A Igreja Católica ou Universal
Temos visto que segundo o Novo Testamento, ainda que seja um pequeno grupo de crentes que se reúnem em uma casa particular constitui uma igreja. Agora bem, a igreja local, por menor que seja, mantém uma relação importantíssima coma as outras igrejas cristãs. O crente, por cima de sua igreja local, confessa a sua crença em uma Igreja Universal: “Creio na Igreja Católica”. Como devemos entender esta confissão? Que relação há entre a congregação local e a Igreja Universal? Em que consiste a universalidade da Igreja? A universalidade ou catolicidade da Igreja é dupla: Concerne a Igreja em seu aspecto visível e invisível[2].
Em seu aspecto invisível
A igreja é católica pelo fato de não está restringida a nenhuma limitação de lugar e tempo.[3] Na dispensação judaica, a igreja não era católica, mas local; seu centro estava em Jerusalém; ali tinha o seu templo, seu altar, seu sacerdócio. Porém, na nova dispensação a Igreja desborda toda a limitação local. “A hora vem, e agora é, quando os verdadeiros adoradores adorarão ao Pai em espírito e em verdade”. João 4.23. Em qualquer lugar da terra onde se encontra um crente, ali há um verdadeiro Templo do Senhor; ali pode Deus ser adorado em Espírito e em verdade. Desaparece o sacerdócio de Arão com a vinda do Sumo Sacerdote que, havendo feito a propiciação pelos pecados do povo, agora vive para sempre interceder por eles. As barreiras da dispensação mosaica foram derrubadas, e a plenitude do Espírito Santo se derrama sobre a Igreja. É o Espírito Santo quem estabelece a universalidade da Igreja. A ação unificadora do Espírito Santo faz desaparecer toda diferença de raça, língua e distância. A comunhão de um mesmo Espírito faz com que os crentes de todos os lugares e tempos experimentem uma maravilhosa unidade espiritual em Cristo. É em virtude, pois, dos laços de um mesmo Espírito, e da participação de uma vida espiritual comum em Cristo, que a Igreja local se relaciona com o conjunto de todas as igrejas cristãs.
Em seu aspecto visível
A igreja é católica por quanto todos os seus membros professam a mesma fé em Cristo. Assim como a Igreja Invisível a universalidade vem determinada pela participação de um mesmo Espírito, no caso da Igreja Visível a catolicidade vem determinada pela profissão de uma mesma fé.
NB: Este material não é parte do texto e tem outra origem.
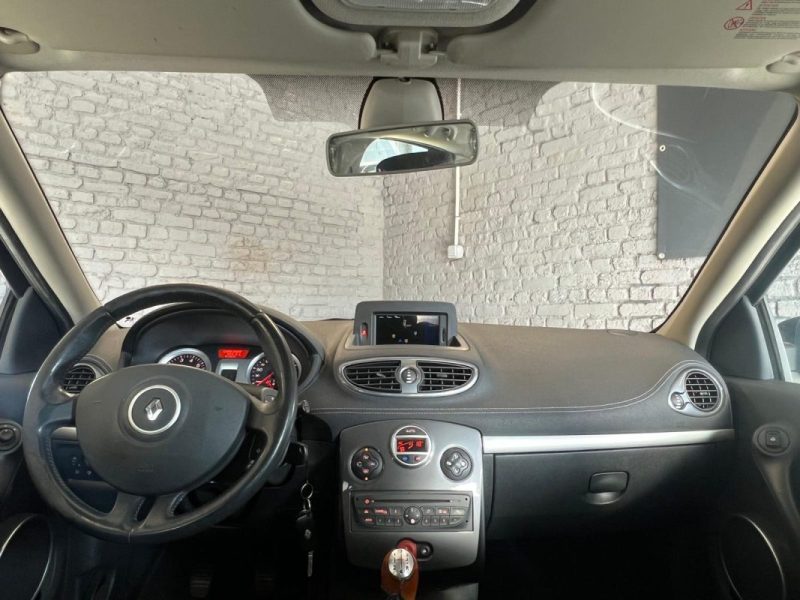 RENAULT  CLIO  CLIO 3 1.2L ESTATE TOMTOM  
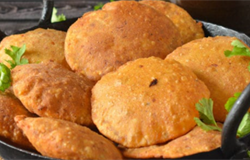 Urad Dal Puri Recipe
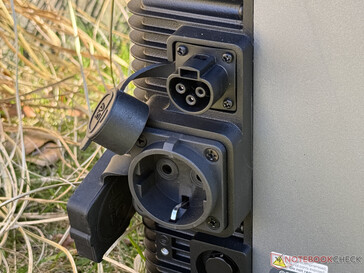 AC uitgang + off-grid aansluiting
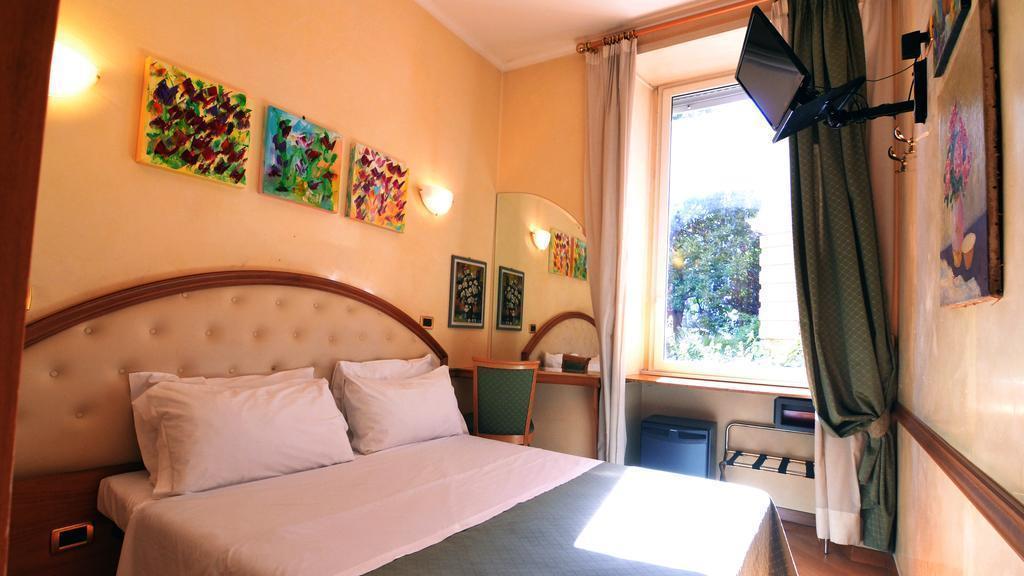 Отель Regina Margherita 3*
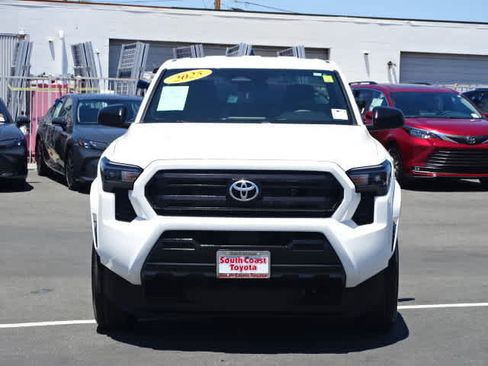Used 2025 Toyota Tacoma SR RWD image 3
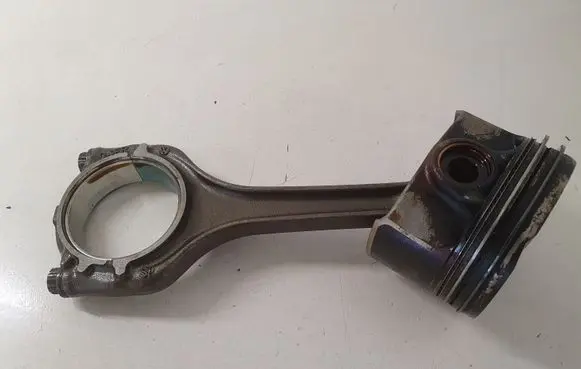 Audi Q2 - Piston with connecting rod 04C107065AM 0752KA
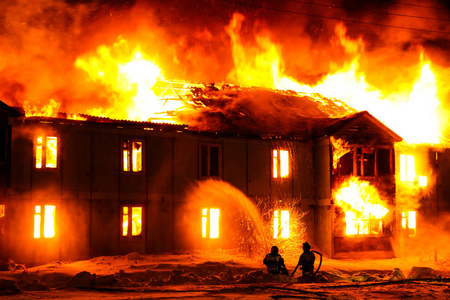 燃烧的房子图片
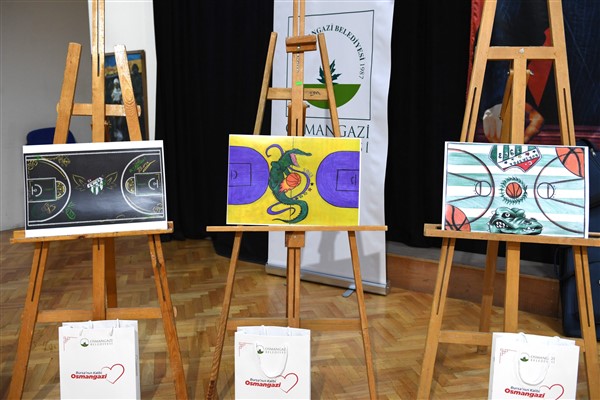 Lise öğrencilerinden basketbol sahalarını güzelleştirecek tasarımlar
Por cima das diferenças de língua, raça, e denominação, as igrejas evangélicas confessam a mesma fé em Cristo Jesus.
Os evangélicos são acusados a vontade de estarem divididos na doutrina, e desta forma não exibem a catolicidade da fé; porém, os que assim nos combatem não param para considerar que o amplo horizonte doutrinário que, por cima das diferenças denominacionais, une as igrejas evangélicas. Se compararmos os credos e confissões doutrinárias das denominações evangélicas mais importantes, se observará uma crença comum nas doutrinas essenciais da fé cristã. Todas proclamam a autoridade na Bíblia, a Trindade, a Criação, a Queda do homem, a divindade de Cristo, a Salvação através da Obra de Cristo, a Justificação pela Fé somente, o Juízo Final, a Realidade do Céu e do Inferno, a Segunda Vinda de Cristo, etc. Os desacordos e diferenças entre as igrejas evangélicas estão inseridos naquilo que não impedem a salvação de pecadores. Algumas destas diferenças devem-se a causas históricas, outras nasceram como resultado de distintas interpretações e de certas profecias escatológicas; outras provêm de um triste apego às tradições humanas; porém, mui possivelmente, a maior parte das diferenças dentro do campo evangélico se devem ao pecado.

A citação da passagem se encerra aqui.